# Activity
Please restate word for word the lines from the top of the entries through the line that contains "After sorting, the", and do not include any pictures.

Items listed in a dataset
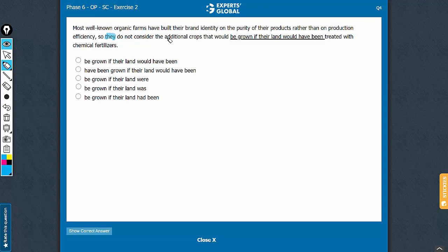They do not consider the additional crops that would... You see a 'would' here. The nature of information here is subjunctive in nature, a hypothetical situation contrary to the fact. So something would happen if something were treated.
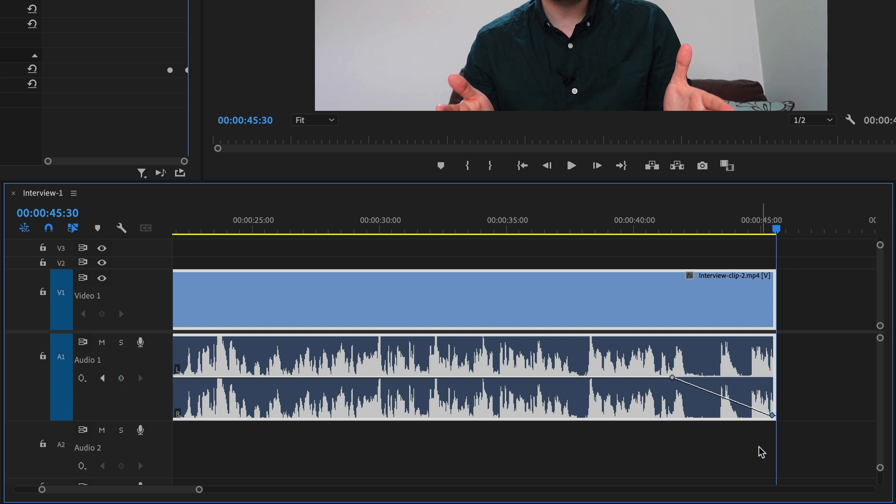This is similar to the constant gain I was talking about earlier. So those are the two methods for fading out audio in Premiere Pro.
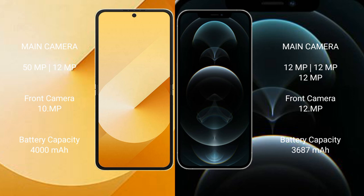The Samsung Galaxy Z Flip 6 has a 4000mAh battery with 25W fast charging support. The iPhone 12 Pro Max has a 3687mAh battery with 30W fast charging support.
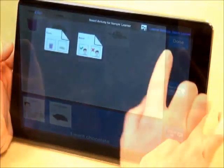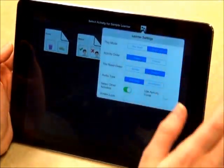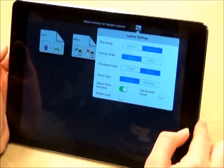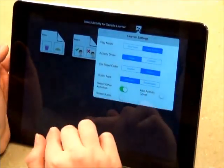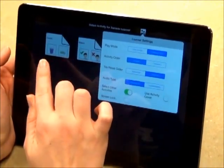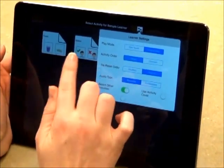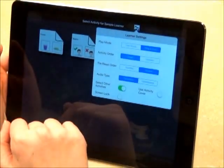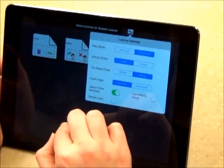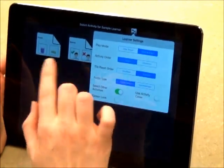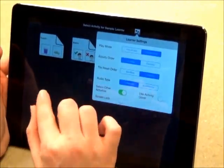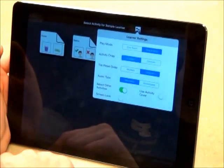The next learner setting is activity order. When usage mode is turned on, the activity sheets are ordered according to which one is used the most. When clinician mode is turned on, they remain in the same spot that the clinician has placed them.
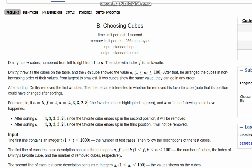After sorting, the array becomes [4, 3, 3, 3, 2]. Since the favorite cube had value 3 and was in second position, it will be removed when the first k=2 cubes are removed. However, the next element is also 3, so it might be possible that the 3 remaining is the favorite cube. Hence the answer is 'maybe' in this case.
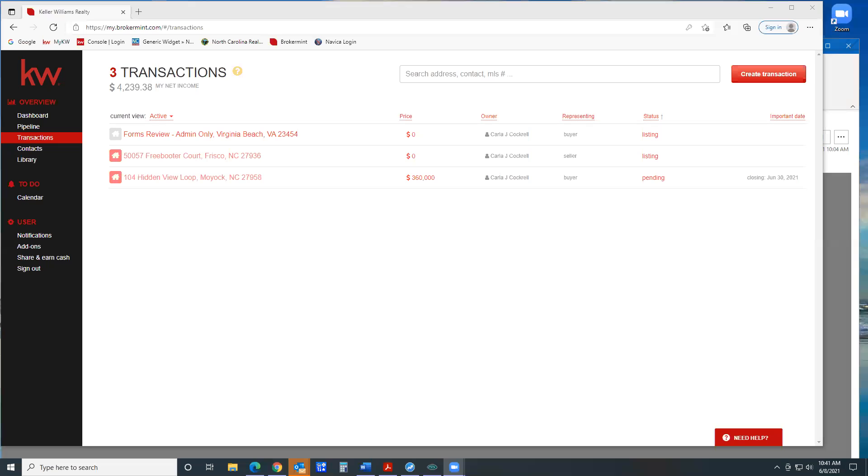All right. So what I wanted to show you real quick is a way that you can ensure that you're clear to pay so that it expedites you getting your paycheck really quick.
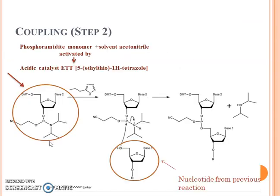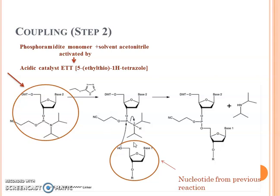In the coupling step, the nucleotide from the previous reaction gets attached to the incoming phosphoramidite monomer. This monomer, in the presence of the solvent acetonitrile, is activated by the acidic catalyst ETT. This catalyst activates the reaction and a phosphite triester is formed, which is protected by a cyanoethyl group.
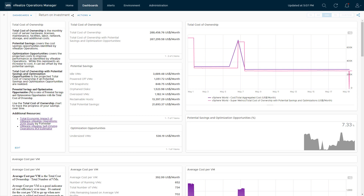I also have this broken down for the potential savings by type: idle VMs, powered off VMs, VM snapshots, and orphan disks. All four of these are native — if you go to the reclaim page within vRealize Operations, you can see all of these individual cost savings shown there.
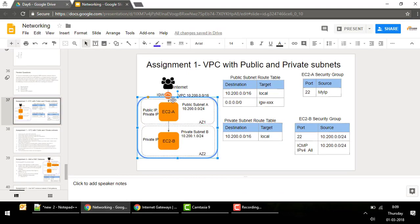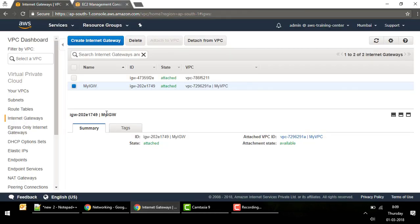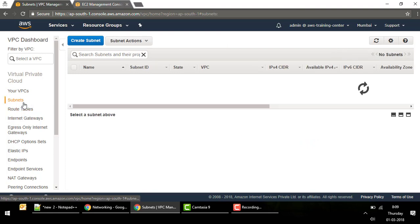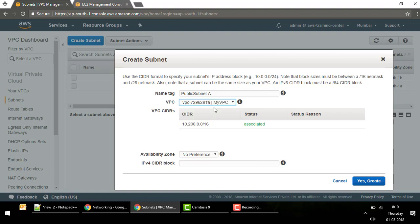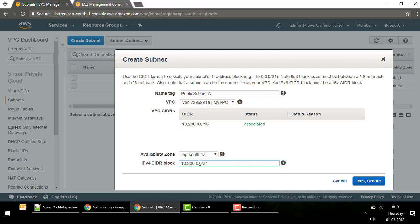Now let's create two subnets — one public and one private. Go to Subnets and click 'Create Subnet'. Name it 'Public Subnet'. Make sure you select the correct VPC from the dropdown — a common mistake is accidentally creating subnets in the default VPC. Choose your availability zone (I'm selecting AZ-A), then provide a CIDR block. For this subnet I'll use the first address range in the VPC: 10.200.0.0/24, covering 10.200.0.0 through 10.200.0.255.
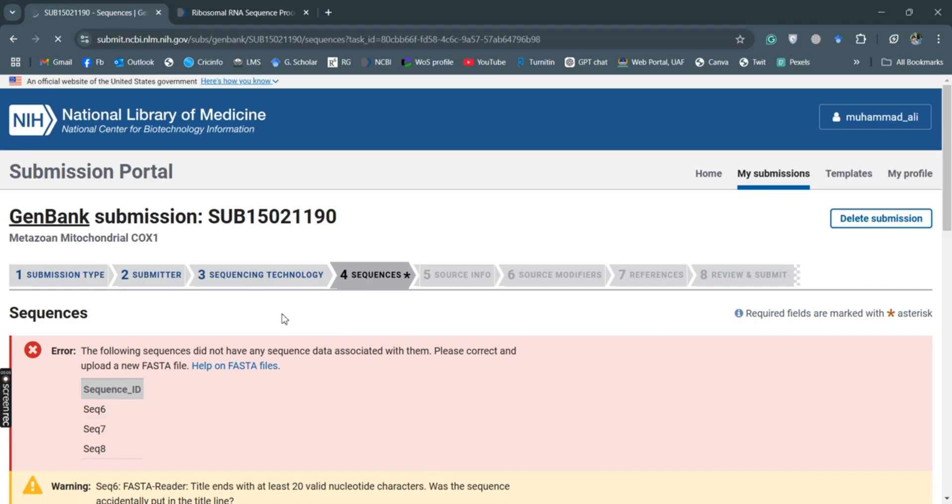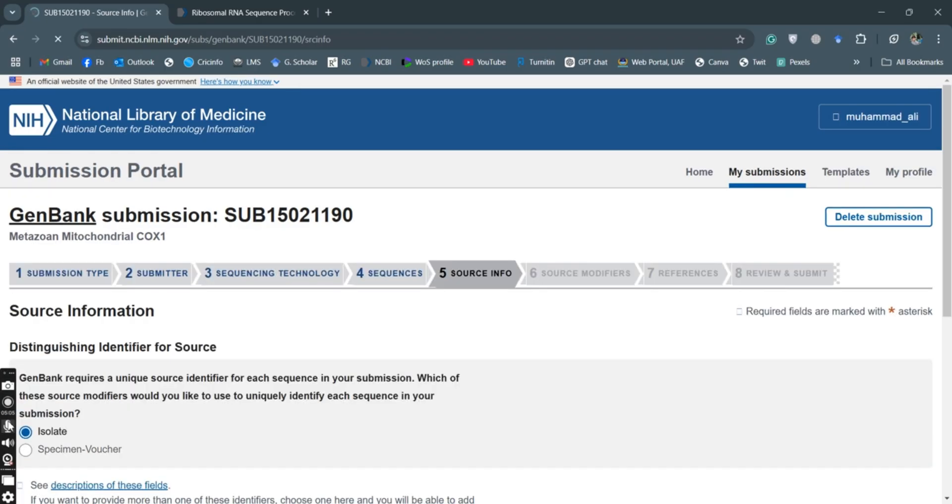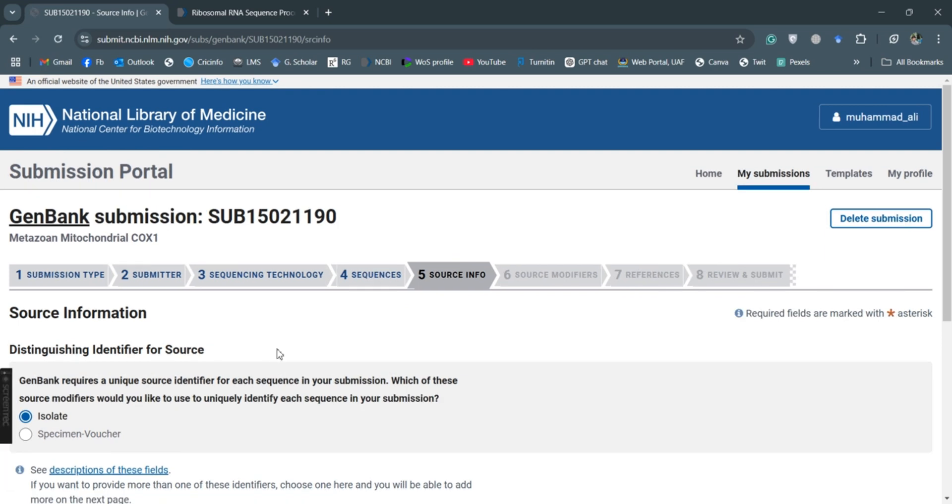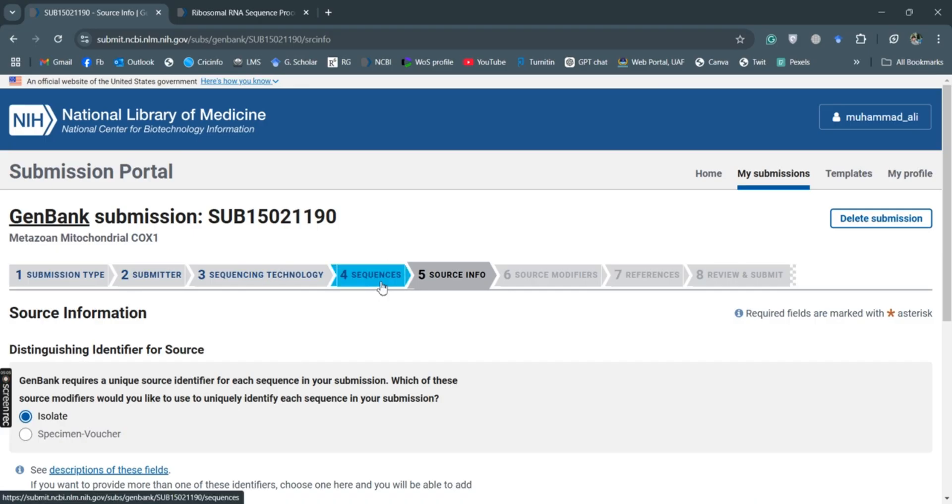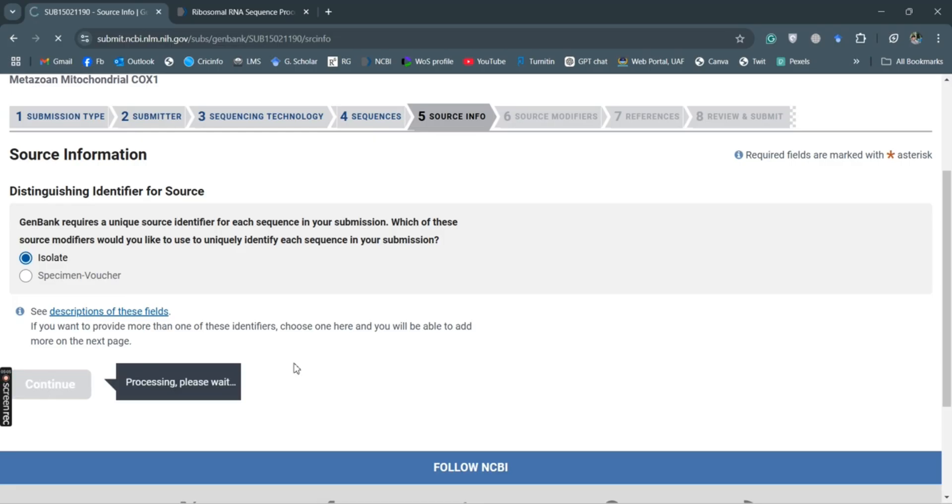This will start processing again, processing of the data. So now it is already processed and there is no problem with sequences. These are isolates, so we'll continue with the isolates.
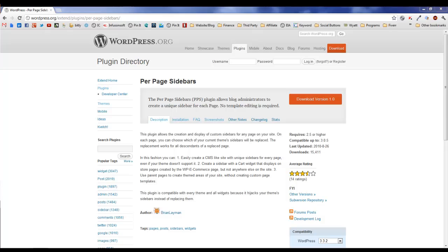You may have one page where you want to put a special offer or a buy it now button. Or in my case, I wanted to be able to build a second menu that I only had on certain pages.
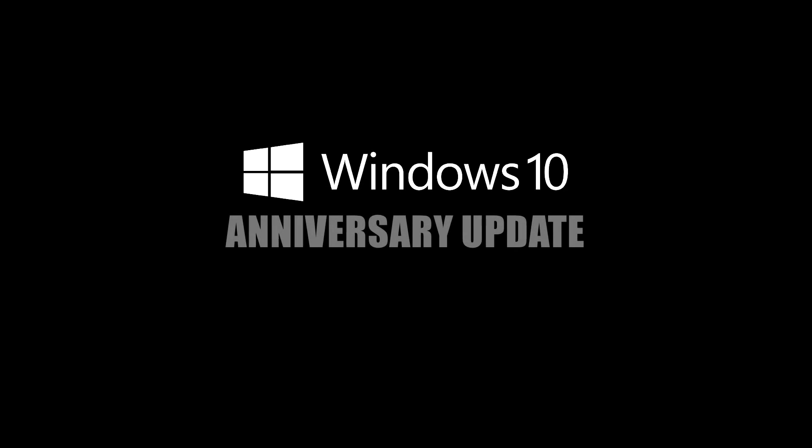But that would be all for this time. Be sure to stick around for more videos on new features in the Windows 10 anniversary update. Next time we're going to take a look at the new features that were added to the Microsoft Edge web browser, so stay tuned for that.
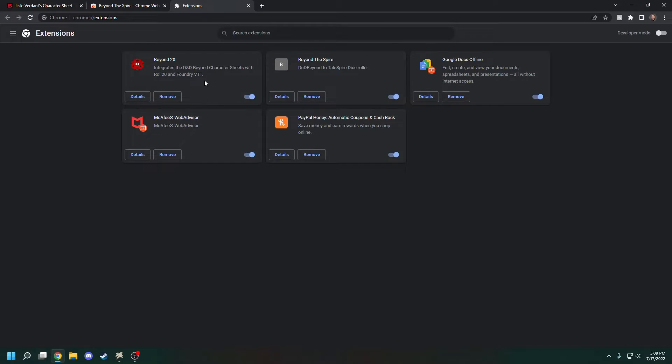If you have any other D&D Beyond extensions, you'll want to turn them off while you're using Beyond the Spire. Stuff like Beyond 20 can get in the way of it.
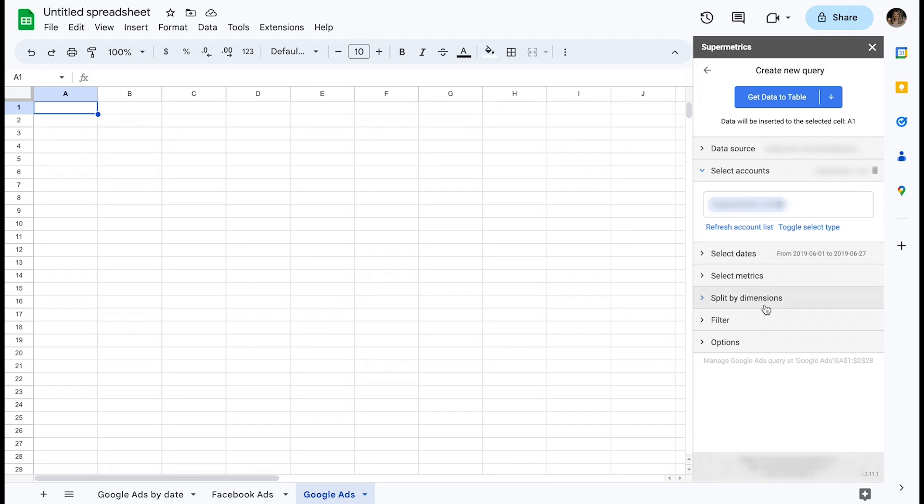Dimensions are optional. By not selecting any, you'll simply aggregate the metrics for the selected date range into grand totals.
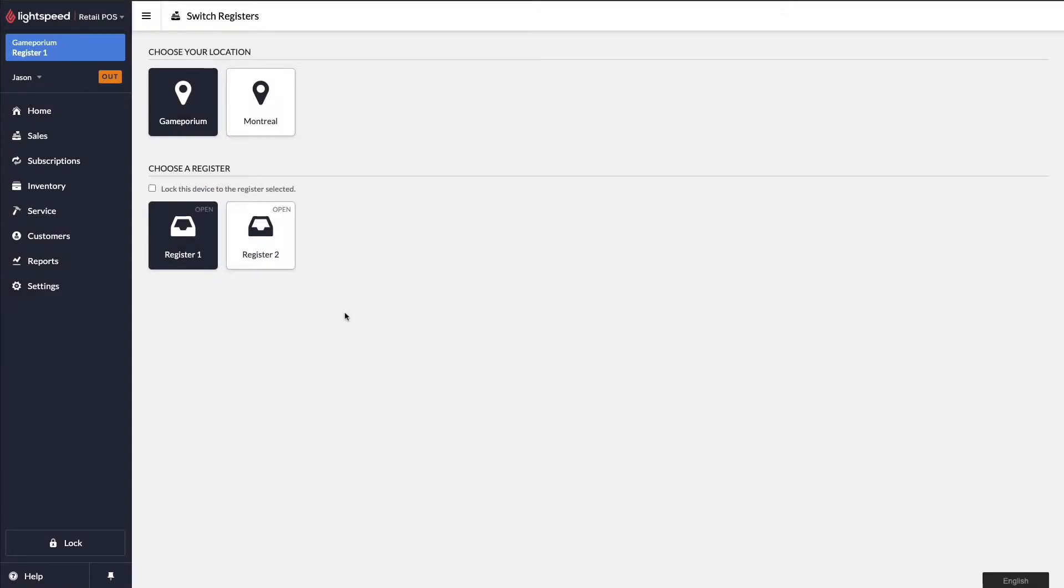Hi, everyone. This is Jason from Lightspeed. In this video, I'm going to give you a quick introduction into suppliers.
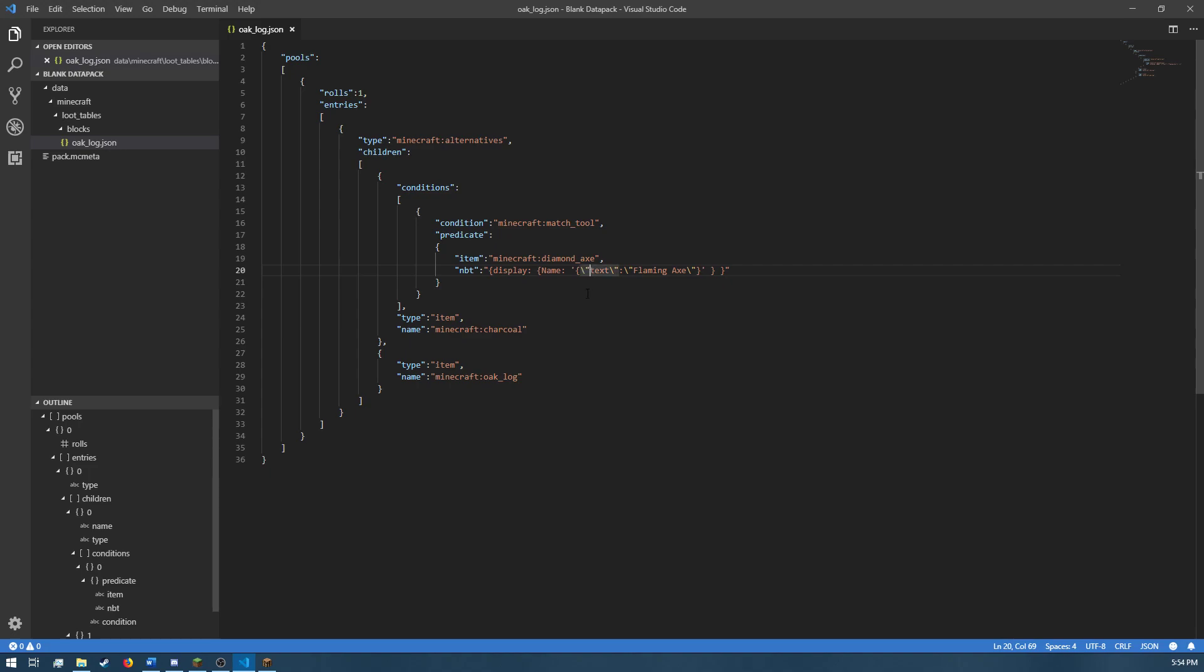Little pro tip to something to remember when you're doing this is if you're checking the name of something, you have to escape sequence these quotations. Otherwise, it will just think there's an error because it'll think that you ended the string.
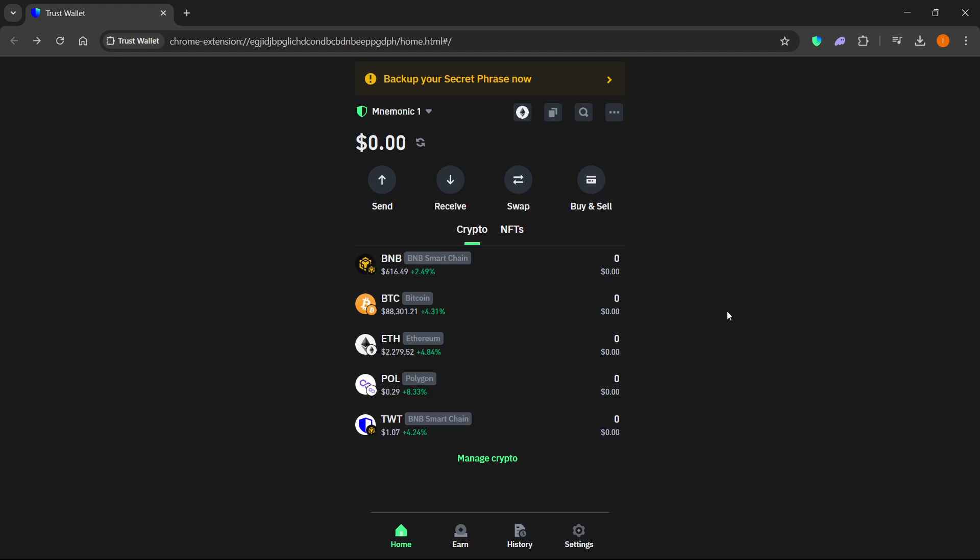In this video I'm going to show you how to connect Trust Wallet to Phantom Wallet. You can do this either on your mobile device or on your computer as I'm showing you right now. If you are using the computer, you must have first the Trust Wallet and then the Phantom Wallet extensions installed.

# Your solution
They do not consider the additional crops that would... You see a 'would' here. The nature of information here is subjunctive in nature, a hypothetical situation contrary to the fact. So something would happen if something were treated.
This is similar to the constant gain I was talking about earlier. So those are the two methods for fading out audio in Premiere Pro.
The Samsung Galaxy Z Flip 6 has a 4000mAh battery with 25W fast charging support. The iPhone 12 Pro Max has a 3687mAh battery with 30W fast charging support.
The next learner setting is activity order. When usage mode is turned on, the activity sheets are ordered according to which one is used the most. When clinician mode is turned on, they remain in the same spot that the clinician has placed them.
After sorting, the array becomes [4, 3, 3, 3, 2]. Since the favorite cube had value 3 and was in second position, it will be removed when the first k=2 cubes are removed. However, the next element is also 3, so it might be possible that the 3 remaining is the favorite cube. Hence the answer is 'maybe' in this case.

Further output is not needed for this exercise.